* [Requirement] Exclude the pictures, then restate every entry below exactly.

* [Source data]
━━━━━━━━━━━━━━━━━━━━━━━━━━━━━━

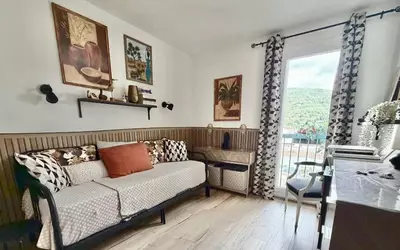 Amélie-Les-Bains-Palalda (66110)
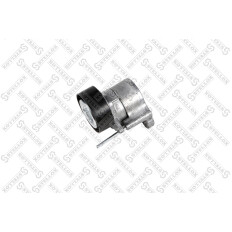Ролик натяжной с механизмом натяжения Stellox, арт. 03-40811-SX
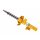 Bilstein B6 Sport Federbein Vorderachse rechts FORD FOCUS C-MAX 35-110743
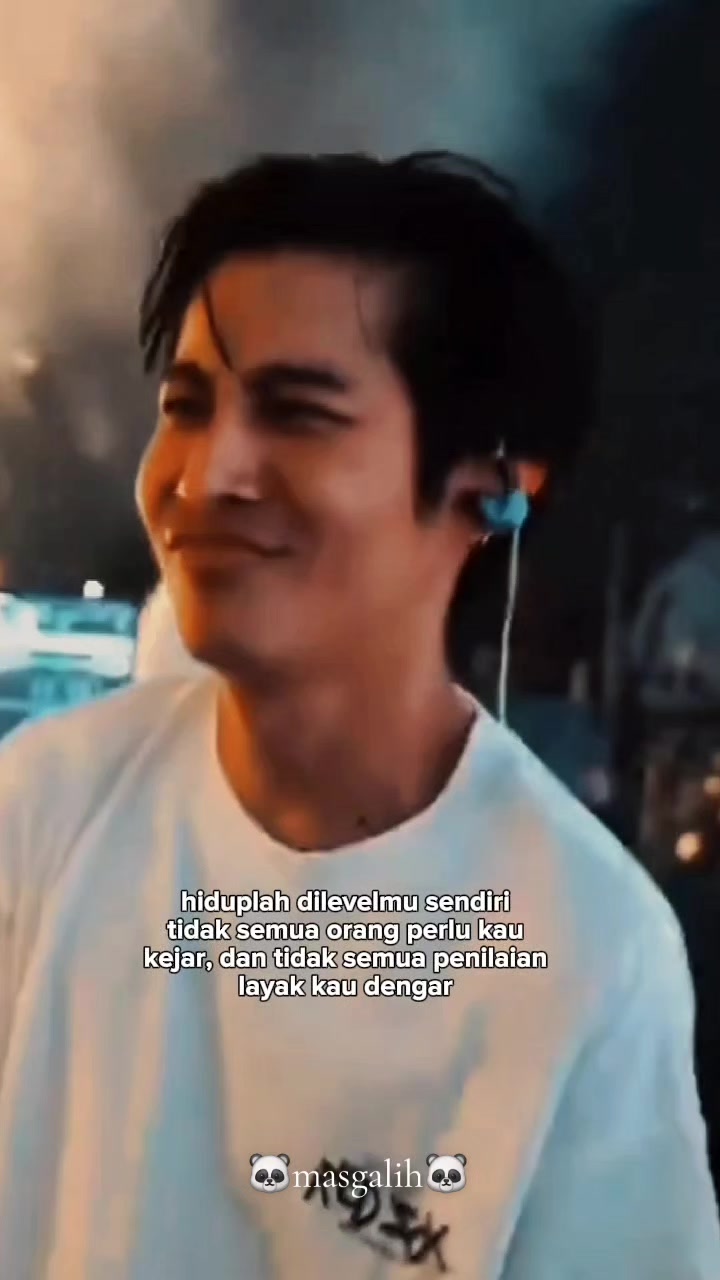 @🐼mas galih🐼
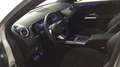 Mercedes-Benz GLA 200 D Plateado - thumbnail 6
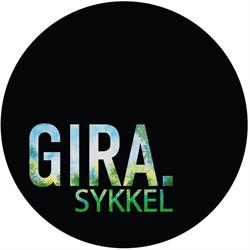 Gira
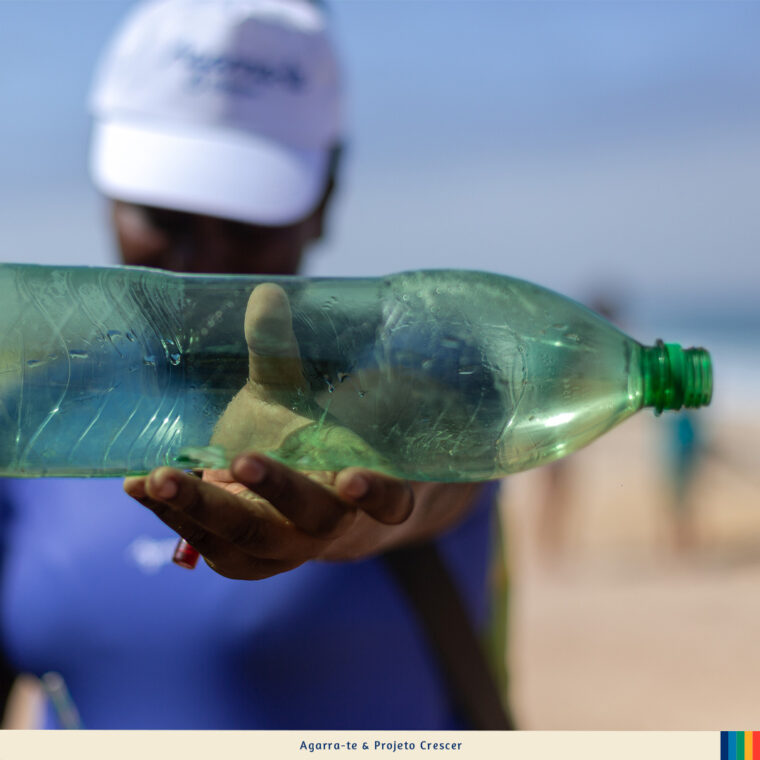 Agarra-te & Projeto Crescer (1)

━━━━━━━━━━━━━━━━━━━━━━━━━━━━━━

* [Completed task]
 Amélie-Les-Bains-Palalda (66110)
Ролик натяжной с механизмом натяжения Stellox, арт. 03-40811-SX
 Bilstein B6 Sport Federbein Vorderachse rechts FORD FOCUS C-MAX 35-110743
 @🐼mas galih🐼
 Mercedes-Benz GLA 200 D Plateado - thumbnail 6
 Gira
 Agarra-te & Projeto Crescer (1)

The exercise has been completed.